How can we do this in Python? I am able to do this in R. The following is the command I used,
library(zoo)
is.na(DF$a) <- DF$a == 0
DF$a <- na.locf(DF$a,na.rm=FALSE)
Any help would be appreciated.
Thanks
It sounds like you're looking for the method ffill.
Assuming you don't have NaN (or also want to fill in NaN in the same way as 0):
df = df.replace(0, np.NaN).ffill()
If you do have NaN and want keep NaN as is:
df.loc[~df.x.isnull(), 'x'] = df.loc[~df.x.isnull(), 'x'].replace(0, np.NaN).ffill()
This should work, provided you are willing to use numpy:
First, identify the indices which meet your condition using the where
function. (Assuming that you already have your data in an array, called x
in this case)
indices = np.where(x == 0.0)[0]
The use of [0]
in the previous line is necessary because calling where
without the optional replacement values returns a tuple with one element: an array of the indices where the condition is met (see the documentation for more info).
To replace the the zeroes with the previous non-zero:
for index in indices:
c[index] = c[index - 1]
This will automatically leave leading zeroes in place, and only correct the gaps after there have been non-zero values.
Version 1: you only want to substitute the first row with a 0.00 value:
a = range(1, 10)
a = a + [0,0,0,0,0]
# a = [1, 2, 3, 4, 5, 6, 7, 8, 9, 0, 0, 0, 0]
out = [a[0]] + [x if x !=0 else y for x,y in zip(a[1:], a[:-1])]
# out = [1, 2, 3, 4, 5, 6, 7, 8, 9, 9, 0, 0, 0, 0]
So now we have a list with two 9 values.
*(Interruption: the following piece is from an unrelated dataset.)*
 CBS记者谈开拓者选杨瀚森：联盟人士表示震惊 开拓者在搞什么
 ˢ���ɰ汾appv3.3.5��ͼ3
The first zero has been replaced.
NOTE: I am assuming you cannot replace a 0 value in the first row.
Version 2: you want to substitute all 0.0 values, even if the previous row was substituted.
a = range(1, 10)
a = a + [0,0,0,0,0]
# a = [1, 2, 3, 4, 5, 6, 7, 8, 9, 0, 0, 0, 0]
out = [a[0]]
for x in a[1:]:
if x != 0:
out.append(x)
else:
out.append(out[-1])
# out = [1, 2, 3, 4, 5, 6, 7, 8, 9, 9, 9, 9, 9, 9, 9]
Now all the 0 values have taken the last non-zero value.
Version 3: based on the op's feedback:
import itertools
a = [0,0,1,2,5,4,0,0,8,9,0,5,0,6]
# accept all leading zeros
out = [x for x in itertools.takewhile(lambda x: x == 0, a[1:])]
for x in a[len(out):]:
if x != 0:
out.append(x)
else:
out.append(out[-1]))
Really though, the best solution in my opnion, especially if you are familiar with R, is to use the Python Pandas package . See the "Fill gaps forward or backward" section. The solution is much more elegant than trying to do it all with native packages.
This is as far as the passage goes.